Ducks Unlimited supports opening land to haying and grazing
WASHINGTON – May 27, 2008 – Ducks Unlimited applauds the Department of Agriculture for their commitment to the viability of the Conservation Reserve Program, by allowing haying and grazing on qualifying CRP lands. In keeping CRP a practical option for landowners, it reinforces the importance of grasslands to the nation, especially in waterfowl breeding areas.
"This action will provide much needed feed and forage while maintaining the conservation benefits from the nation's premier conservation program," said Secretary of Agriculture Ed Schafer. "Eligible farmers and ranchers will be able to plan for harvest of forage after the end of the primary nesting season this summer."
The land being opened to livestock forage will not be hayed or grazed until after the waterfowl nesting season, which runs in the US from the end of April through June.
“DU has long said that well managed ranching and duck nesting habitat work well together, and this move underscores how CRP serves both cattle and waterfowl,” said Director of Agriculture Conservation Policy, Barton James. “Using the land in this way is a better deal for ranchers, wildlife enthusiasts and taxpayers than trying to bring marginal cropland into production,”

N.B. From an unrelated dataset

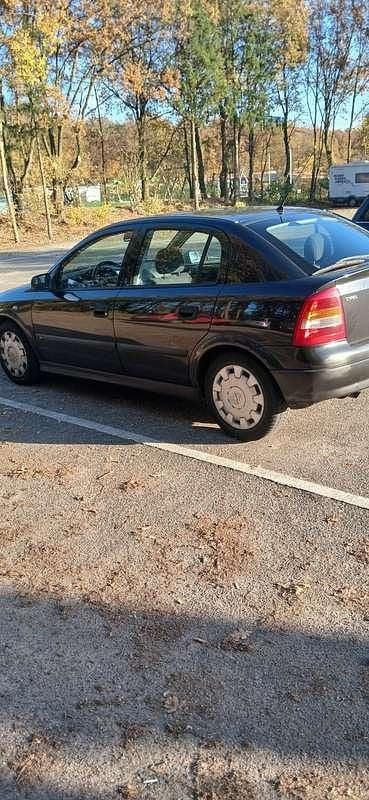 Occasion Opel Astra Edition 101 PK (74 kW) 2002 Zwart Hatchback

“Without grass being protected under the Conservation Reserve Program, we would not have the needed reserves to protect grass-based agriculture,” James added
Often called the “holy grail” of conservation programs, the Conservation Reserve Program (CRP) has been extremely successful for breeding waterfowl in the Prairie Pothole Region of the Northern Great Plains. More than 2.2 million waterfowl are produced each year on CRP land in the Prairie Pothole Region.
With loss of native prairie estimated to be at least 3.3 million acres over the next five years, keeping land enrolled in CRP is critical.

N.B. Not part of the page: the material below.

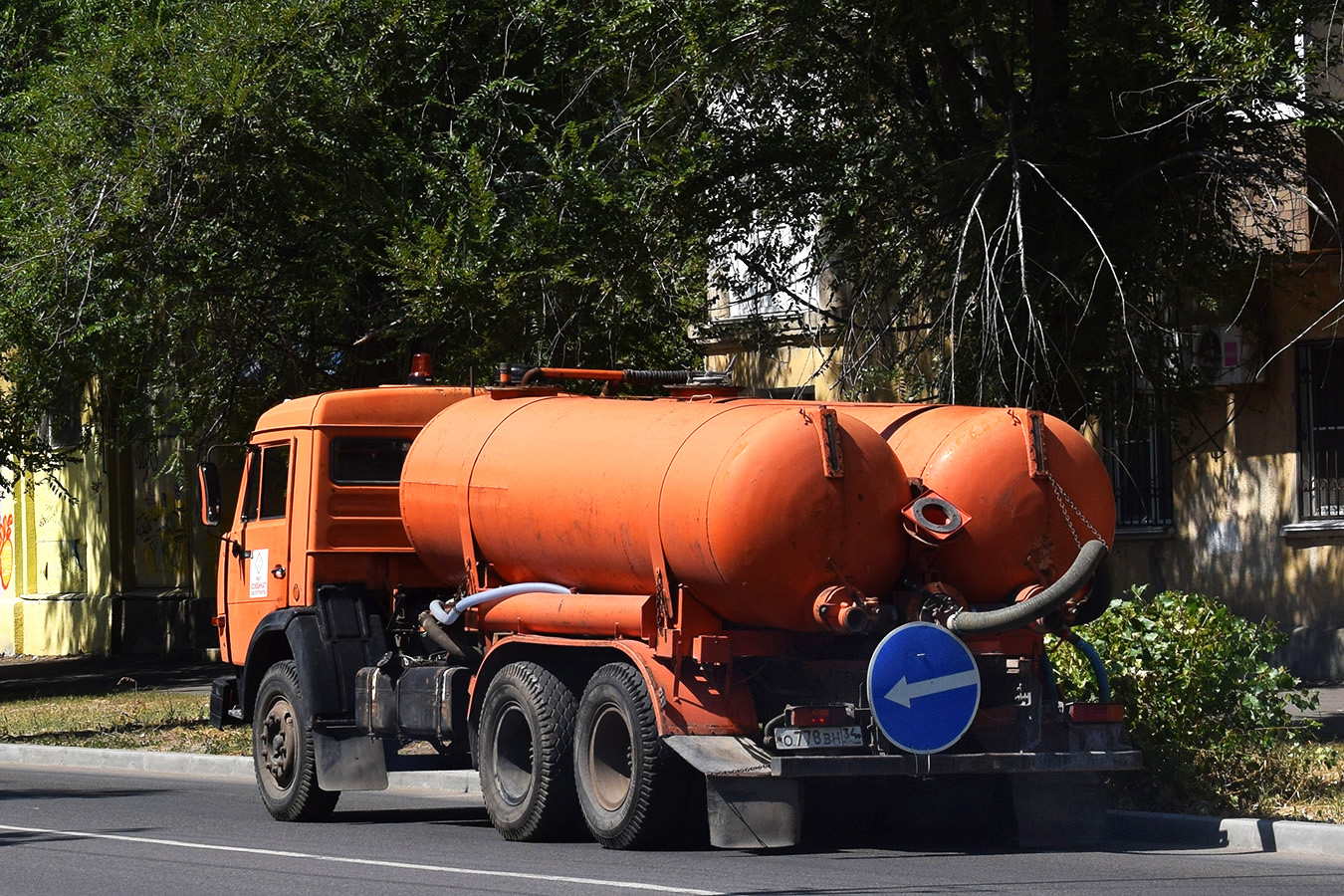 Волгоградская область, № 1072 — КамАЗ-53215 [532150]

“Maintenance of the large expanse of CRP is critical to wildlife populations, but so is keeping a viable ranching industry,” said Director of Conservation Planning for the Great Plains Regional Office, Dr. Scott Stephens. “Having CRP evolve to continue to work for ranchers is key to maintaining wildlife populations across the PPR.”
In addition to the benefits of CRP land to waterfowl and now cattle herds, the program has also been responsible for thousands of acres of wetlands and uplands that have been critical to mitigating the effects of droughts, like the one that the Great Plains is experiencing now. Allowing managed haying and grazing on select CRP land will maintain those mitigating qualities, while providing some relief from the dry conditions.
With more than a million supporters, Ducks Unlimited is the world’s largest and most effective wetland and waterfowl conservation organization with more than 12 million acres conserved. The United States alone has lost more than half of its original wetlands - nature’s most productive ecosystem - and continues to lose more than 80,000 wetland acres each year.